C#: Throttle/rate limit outgoing HTTP requests with Polly

Question

I am developing an integration solution that accesses a rate limited API. I am performing a variety of CRUD operations on the API using multiple HTTP verbs on different endpoints (on the same server though). I have been pointed towards Polly multiple times, but I haven't managed to come up with a solution that actually works.

This is what I have in my startup:

builder.Services
    .AddHttpClient("APIClient", client =>
    {
        client.BaseAddress = new Uri(C.Configuration.GetValue<string>("APIBaseAddress"));
    })
    .AddTransientHttpErrorPolicy(builder => 
        builder.WaitAndRetryAsync(new []
        {
           TimeSpan.FromSeconds(1),
           TimeSpan.FromSeconds(5),
           TimeSpan.FromSeconds(15),
        }));

This is just resilience to retry in case of failure. I have a RateLimit policy in a singleton ApiWrapper class:

public sealed class ApiWrapper
{
    private static readonly Lazy<ApiWrapper> lazy = new Lazy<ApiWrapper>(() => new ApiWrapper());
    public static ApiWrapper Instance { get { return lazy.Value; } }
    private IHttpClientFactory _httpClientFactory;
    public readonly AsyncRateLimitPolicy RateLimit = Policy.RateLimitAsync(150, TimeSpan.FromSeconds(10), 50); // 150 actions within 10 sec, 50 burst

    private ApiWrapper()
    {
    }

    public void SetFactory(IHttpClientFactory httpClientFactory)
    {
        _httpClientFactory = httpClientFactory;
    }

    public HttpClient GetApiClient()
    {
        return _httpClientFactory.CreateClient("APIClient");
    }
}

That policy is used in multiple other classes like this:

public class ApiConsumer
{
    private HttpClient _httpClient = ApiWrapper.Instance.GetApiClient();

    public async Task<bool> DoSomethingWithA(List<int> customerIDs)
    {
        foreach (int id in customerIDs)
        {
            HttpResponseMessage httpResponse = await ApiWrapper.Instance.RateLimit.ExecuteAsync(() => _httpClient.GetAsync($"http://some.endpoint"));
        }
    }
}

My expectation was that the rate limiter would not fire more requests than configured, but that does not seem to be true. From my understanding the way it works is that the rate limiter just throws an exception if there are more calls than the limit that has been configured. That's where I thought the Retry policy would come into play, so just try again after 5 or 15 seconds if it did not go through the limiter.

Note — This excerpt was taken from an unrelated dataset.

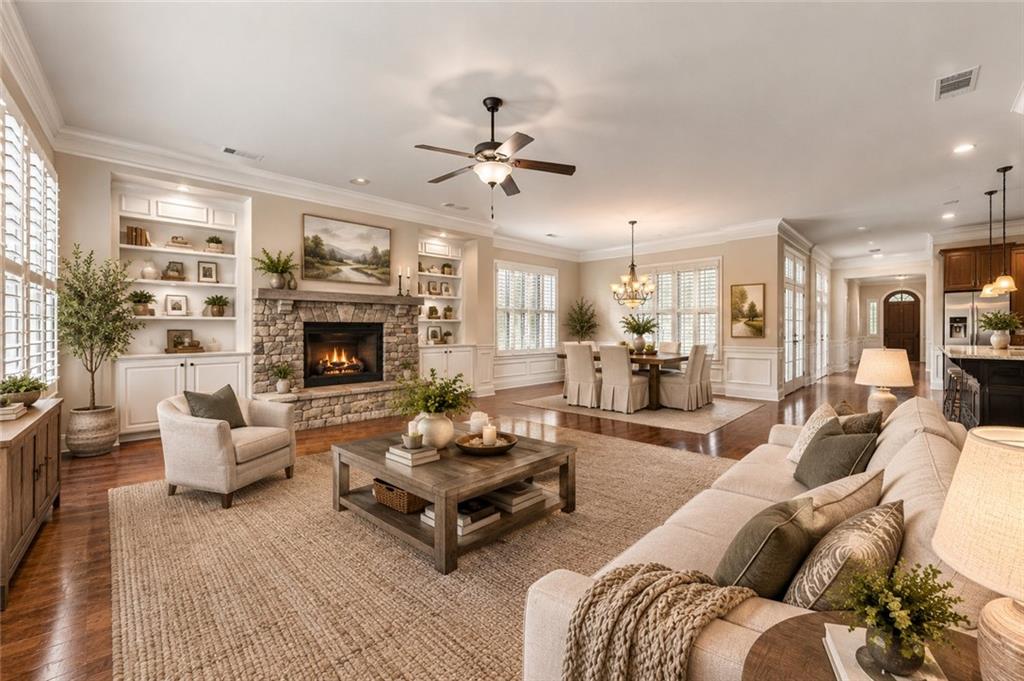318 Lakeside Trace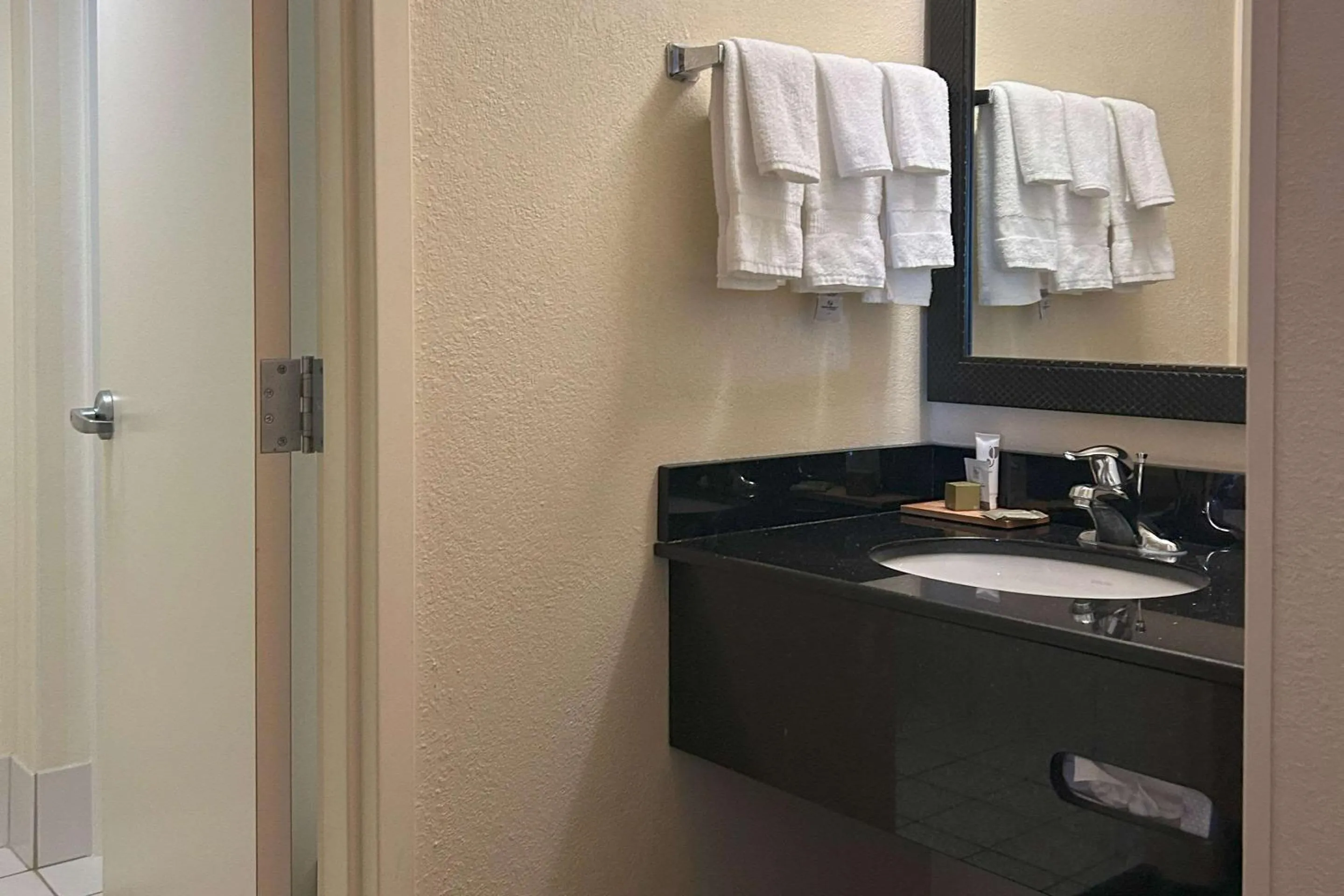 Bedroom in Country Inn & Suites by Radisson, Fayetteville I-95, NC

Then I played around a bit with Polly's Bulkhead policy, but as far as I can see that is meant to limit the amount of parallel executions.

I have multiple threads that may use different HttpClients (all created by the Factory like in the example above) with different methods and endpoints, but all use the same policies. Some threads run in parallel, some sequentially as I have to wait for their response before sending the next requests.

Any suggestions on how this can or should be achieved with Polly? (Or any other extension if there is good reason to)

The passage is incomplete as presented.